ESG is just business seen through a new lens of competitive risk analysis & opportunity

Natalie Runyon  Director / ESG content / Thomson Reuters Institute

· 5 minute read

Natalie Runyon  Director / ESG content / Thomson Reuters Institute

· 5 minute read

As ESG initiatives become more ingrained in corporate life, the methods to weigh the benefits and risks of such activities will have to come into sharper focus

Many individuals with expertise in environmental, social & governance (ESG) issues frequently assert that investors and senior executives are increasingly viewing ESG through both the risk reduction and opportunity lens. Indeed, the core concept behind sustainability is efficiency and using fewer resources (both natural, financial, and human) to generate the same or better business performance.

And much data underscores that point. For example, recent studies highlight a strong correlation between ESG and financial returns; and there has been other realized financial benefits, such as a lower weighted average cost of capital.

Over the last few years, ESG is sometimes presented as an exciting trend that will wane over time, but others believes at some point, ESG will be normalized as how business is conducted. In fact, this outcome is more likely because ESG has become an expanded framework through which to conduct a competitive analysis, just like the SWOT (strengths, weaknesses, opportunities, and threats) tool did decades ago. A key reason for this is that looking through an ESG lens allows for the identification of new or expanded risks and opportunities through regular consultation with an increasing list of company stakeholders.

One head of sustainability at a major bank states that investors “are very risk-based, but the landscape has really shifted to risks and opportunities. Risks are still the bigger part of the pie, but like stakeholders, investors are asking like questions like, ‘How is the bank supporting the [climate] transition?’”

Analyzing the opportunities around ESG will be both industry- and company-specific, but generally, more than half of executives said they anticipate benefits from enhanced ESG reporting. Some of these opportunities, include improved return on investment ROI and elevated brand reputation, in addition to risk reduction. Indeed, many of these opportunities are multifaceted in areas such as:

Financial — Numerous sources, including the studies cited earlier, note the financial benefits of making ESG investments. In addition, ESG management and transparency have a positive impact on sentiment and volatility and should be incorporated in overall corporate strategy, and quarterly earnings guidance.

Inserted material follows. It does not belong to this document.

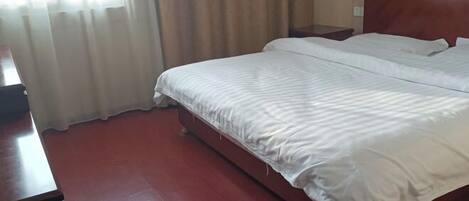A hotel room with a large bed, wooden headboard, and a nightstand.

Employees — People want to work for a corporation about which they generally feel good. In addition, there is a growing body of evidence of a strong correlation between retention and ESG. “Top employers, as measured by employee satisfaction and attractiveness to talent, have significantly higher ESG scores than their peers and suggests that ESG performance can help companies both improve employee satisfaction and attract prospective employees,” according to recent recent research.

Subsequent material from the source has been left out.